Photo: Illustration of a family holding up an open book that says Family Engagement

Family Engagement Blog Part 1 — Parents, Friends or Foes?

Posted on July 12, 2019 by Wendy Katz
Throughout my professional career as a teacher and administrator, I have listened to colleagues complain about parents.

“Andrew’s parents don’t care!”

“Beth’s parents don’t follow up as I ask them to do.”

“I always have so few parents show up for parent conferences.”

“Her parents are micromanaging their child’s work.”

“Several of my parents scrutinize my grades.”

“Jeb’s Mom won’t allow him to accept responsibility for his own actions.”

“Sara’s Dad is actually doing her work for her!”

“I dread parent-teacher meetings.”

When it comes to parents/guardians, my observation is that SOME educators are rarely happy. They protest when parents aren’t involved and grumble when they are too involved. What do they really want? “America’s school communities include some 80 million parents. About 40 million are far too involved in their child’s education. About 40 million are far too removed. A few dozen have it pretty much right. Families face hard choices.” Dintersmith (2018).

For the most part, I lament that parents are really left out of K–12 public educational experiences. They send their children off to school, entrusting their most prized possessions to school staff. They don’t leave their best kids at home! If they asked for input regarding teachers or placement, they are often labeled as “overzealous.” Often, school administrators and teachers claim, decisions should be made by the school. I challenge that assumption for several reasons:

  • When we work with parents, we need to keep in mind how we would want to be treated. They deserve to have the same set of rules that we would expect others to employ for our own children. I have never encountered an educator who doesn’t want input for their own children’s education or hasn’t advocated when the need arises. So, what’s good for us, should be good for all parents.

  • Parents should have input into their child’s education. They often have valuable information that school officials lack when making decisions such as the teaching style that best suits their child’s personality; certain students that have been problematic in the past, keeping twins together or separating them in classes, medical issues, and home challenges. When we invite parents to be robust partners in their child’s education, meaningful relationships develop, and both teacher and student benefit.

  • Most parents truly want their children to succeed in school but often lack the interpersonal skills or experiences to tactfully handle interactions with teachers or school administrators.

  • Many parents had negative experiences themselves in school and therefore avoid school events and conferences whenever possible.

  • Most teachers and administrators have never had any training in college coursework or from school districts on how to work successfully with parents. It should not be surprising that so many educators struggle and dread parent interactions. Even phone calls often create great trepidation from both sides.

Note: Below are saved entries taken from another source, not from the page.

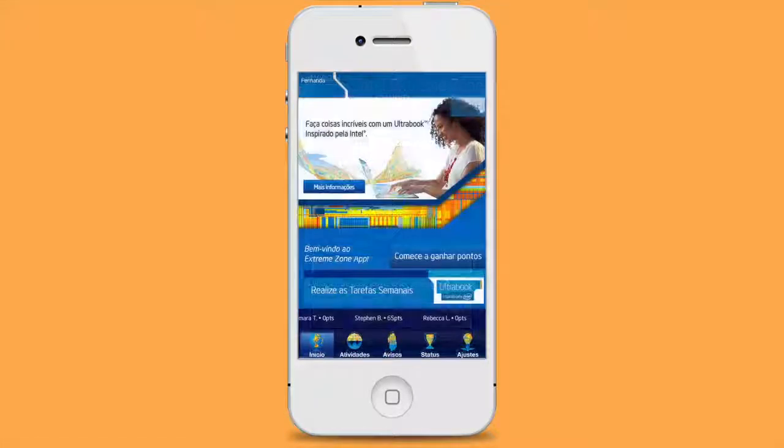Thank you for watching this overview of the Scavenger Hunt app. To learn more, go to thegameagency.com.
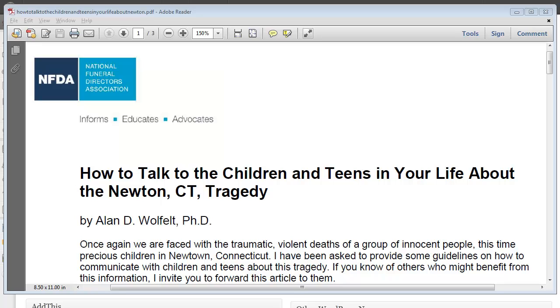Hi, it's Rob Heppel here, and I just wanted to share with you this quick little tutorial on how to share some timely information on your website and your blog.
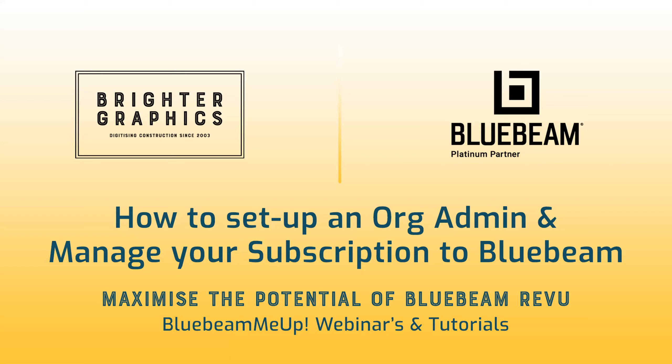Welcome to another one of our Bluebeam Me Up How To Tutorials, brought to you by Brighter Graphics Limited, where we show you how to maximize the potential of your investment in Bluebeam review.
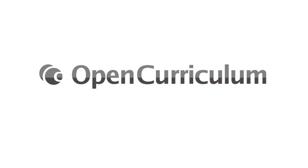That's Open Curriculum, a free, fast and smart way to plan lessons. Sign up today at opencurriculum.org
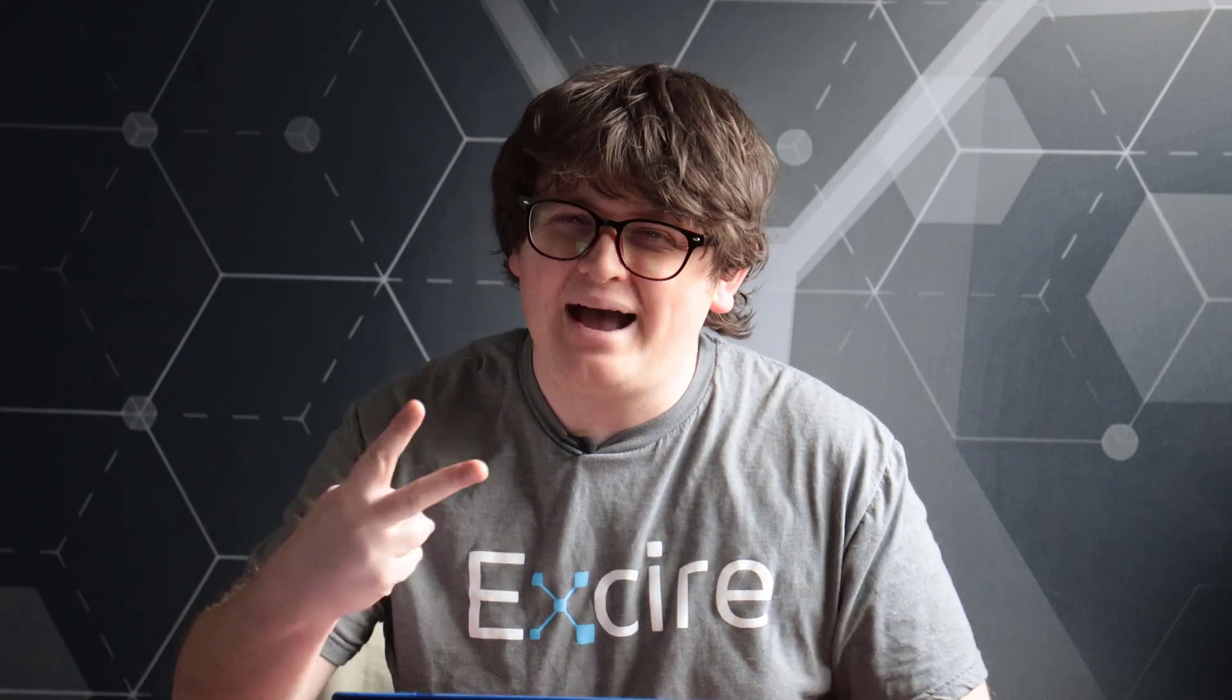Hi everyone, James here from the Exire team, and in today's video, I'm excited to show you how you can find literally any photo in your image library in about two seconds flat using Exire's cutting edge prompt search AI feature. So let's fire up Exire Photo 2024 and let's get started.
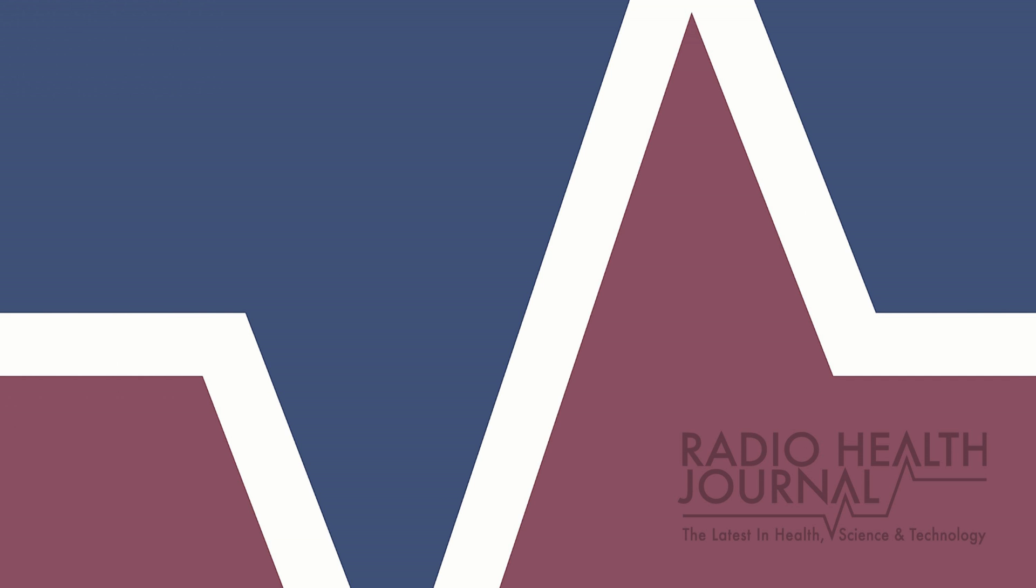I'm Reed Pence, the producer and host of Radio Health Journal. If you like listening to Radio Health Journal, you'll also like our sister show, Viewpoints, which covers a wide array of topics, from education to history to the environment. Here's a preview of what they're covering this week on Viewpoints.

  • There is often a language barrier with many of the diverse students’ families served. Structures and systems need to be orchestrated with genuine care to offer ways to communicate in respectful ways.

Nationally, efforts are at the forefront to engage families in more meaningful ways. The shift in language is significant—parent involvement to family engagement. Arne Duncan, former U.S. Secretary of Education under the Obama Administration stated: “My vision for family engagement is ambitious… I want to have too many parents demanding excellence in their schools. I want all parents to be real partners in education with their children’s teachers, from cradle to career. In this partnership, students and parents should feel connected—and teachers should feel supported. When parents demand change and better options for their children, they become the real accountability backstop for the educational system.” MAY 3, 2010

I am quite proud of The Patterson Foundation initiatives EdExploreSRQ and the Suncoast Campaign for Grade-Level Reading because both initiatives continue to focus extensively on finding better ways to engage families in experiential learning and reading.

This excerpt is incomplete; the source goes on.